[RECORDS PROVIDED — start]

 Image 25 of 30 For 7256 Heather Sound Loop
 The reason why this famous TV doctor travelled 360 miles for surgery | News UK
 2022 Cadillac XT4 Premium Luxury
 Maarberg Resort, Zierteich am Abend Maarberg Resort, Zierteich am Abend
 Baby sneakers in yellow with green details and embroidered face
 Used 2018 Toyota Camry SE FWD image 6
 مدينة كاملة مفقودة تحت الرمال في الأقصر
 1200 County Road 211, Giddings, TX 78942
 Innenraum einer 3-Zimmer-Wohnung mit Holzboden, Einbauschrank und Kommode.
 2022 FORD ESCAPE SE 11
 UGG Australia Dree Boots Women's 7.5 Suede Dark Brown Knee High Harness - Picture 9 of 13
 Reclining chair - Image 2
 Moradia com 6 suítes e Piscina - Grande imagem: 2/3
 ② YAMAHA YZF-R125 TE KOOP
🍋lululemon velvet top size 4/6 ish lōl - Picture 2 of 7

[RECORDS PROVIDED — finish]

TASK DIRECTIONS: Reproduce the listing in full. Keep it exactly as written.

ANSWER BOX:
 Image 25 of 30 For 7256 Heather Sound Loop
 The reason why this famous TV doctor travelled 360 miles for surgery | News UK
 2022 Cadillac XT4 Premium Luxury
 Maarberg Resort, Zierteich am Abend Maarberg Resort, Zierteich am Abend
 Baby sneakers in yellow with green details and embroidered face
 Used 2018 Toyota Camry SE FWD image 6
 مدينة كاملة مفقودة تحت الرمال في الأقصر
 1200 County Road 211, Giddings, TX 78942
 Innenraum einer 3-Zimmer-Wohnung mit Holzboden, Einbauschrank und Kommode.
 2022 FORD ESCAPE SE 11
 UGG Australia Dree Boots Women's 7.5 Suede Dark Brown Knee High Harness - Picture 9 of 13
 Reclining chair - Image 2
 Moradia com 6 suítes e Piscina - Grande imagem: 2/3
 ② YAMAHA YZF-R125 TE KOOP
🍋lululemon velvet top size 4/6 ish lōl - Picture 2 of 7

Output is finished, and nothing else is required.